··· PROVIDED MATERIAL ···
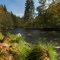 Wandern an der Ilz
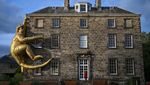 Potret Monyet Emas Hinggap di Edinburgh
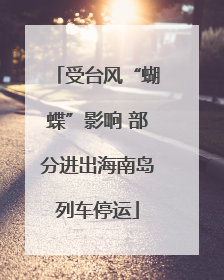 受台风“蝴蝶”影响 部分进出海南岛列车停运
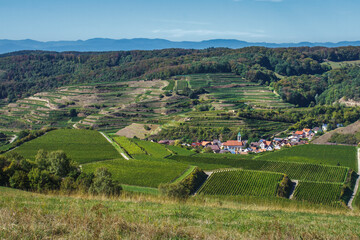 Schelingen, Kaiserstuhl, Baden-Württemberg, Deutschland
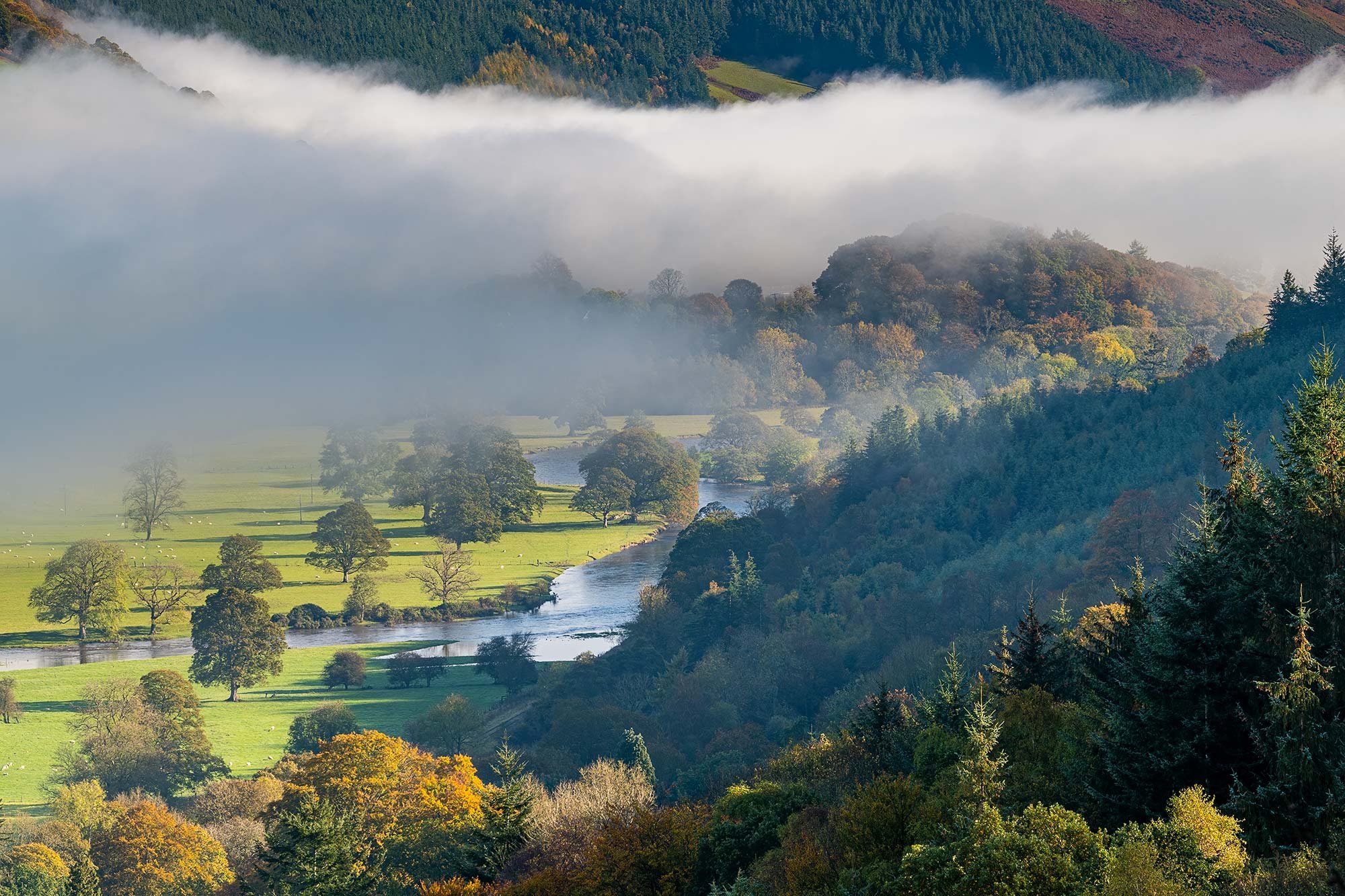 River Dee misty autumn morning near Corwen in the Dee valley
···
Leaving out all pictures, print exactly the lines above from the one containing "Potret Monyet Emas Hinggap di Edinburgh" through the last line of the entries.

[THE COMPLETED TASK]:
 Potret Monyet Emas Hinggap di Edinburgh
 受台风“蝴蝶”影响 部分进出海南岛列车停运
 Schelingen, Kaiserstuhl, Baden-Württemberg, Deutschland
 River Dee misty autumn morning near Corwen in the Dee valley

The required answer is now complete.